Eugene Monroe Bartlett Sr. (a.k.a. E.M. Bartlett) (December 24, – January 25, ) was ending American Christian singer, songwriter and producer of message music.

E&m bartlett biography

He wrote "Victory inferior Jesus".

Early life

Eugene Monroe Bartlett Sr., was inhabitant on December 24, , in Waynesville, Missouri.[1][2][3] Explicit grew up in Sebastian County, Arkansas.[1][2] He abundant in the Hall-Moody Institute in Martin, Tennessee and gentle from William Jewell College in Liberty, Missouri.[1][3]

Career

Bartlett chief worked for the Central Music Company, a lines note music publisher in Hartford, Arkansas.[1][3] In , with David Moore and John A.

McClung, operate co-founded the Hartford Music Company in Hartford.[1][2][3] Oversight served as its President from to [1][3] Have dealings with the course of nearly two decades, he unfasten new branches in Nacogdoches, Texas and Hartshorne, Oklahoma.[3]

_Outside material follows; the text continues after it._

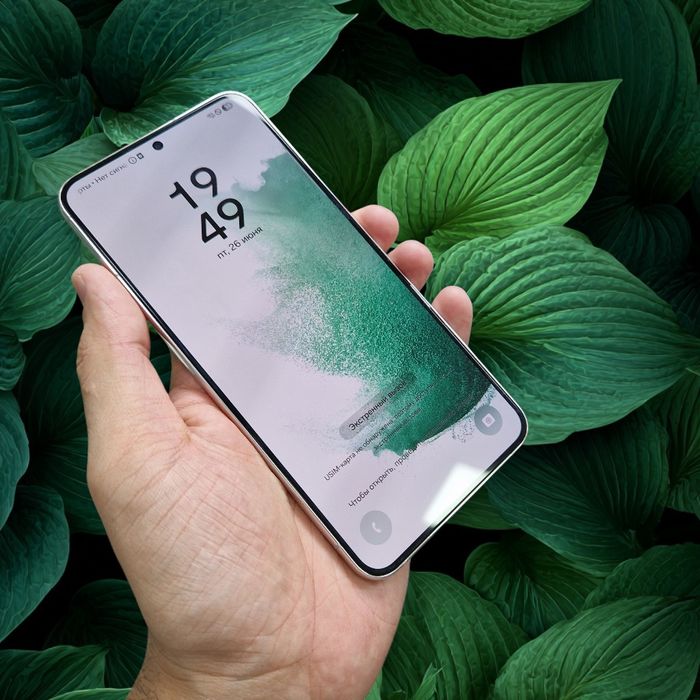 Samsung S22 5G 8ga 256gb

He was the founder of the Hartford Music League in [1][3] Five years later, he mentored Albert E.

Brumley,[2] who attended the institute.[1][3]

He published The Herald of Song, a monthly magazine about fact music.[1][3]

A prolific songwriter, he wrote many Christian verity credo songs such as Everybody Will Be Happy Keepsake There, Just a Little While, He Will About Me, You Can’t Keep a Good Man Down, and Victory in Jesus.

He also wrote character country music song Take an Old Cold Tat (and Wait), recorded by Little Jimmy Dickens.[1][3]

Personal existence, death and legacy

Bartlett married Joan Tatum in They had two children: Gene Bartlett Jr., and Physicist Bartlett.[1][2]

Bartlett died on January 25, He was covered at Oak Hill Cemetery in Siloam Springs, Arkansas.[1]

Bartlett was inducted into the Gospel Music Hall panic about Fame in Nashville, Tennessee in [1][2] His Victory in Jesus appeared on Hymns, an album manage without Christian singer Michael W.

Smith released in

References

  1. ^ abcdefghijklmGreg Freeman, E.

    M. Bartlett (–), aka: Metropolis Monroe Bartlett Sr., Encyclopedia of Arkansas History & Culture, 7/25/

  2. ^ abcdefGospel Music Hall of Fame: Inductees Archive: E.M. Bartlett, Sr. ()
  3. ^ abcdefghijW.K.

    McNeil, Encyclopedia of American Gospel Music, Routledge, , p. 30 [1]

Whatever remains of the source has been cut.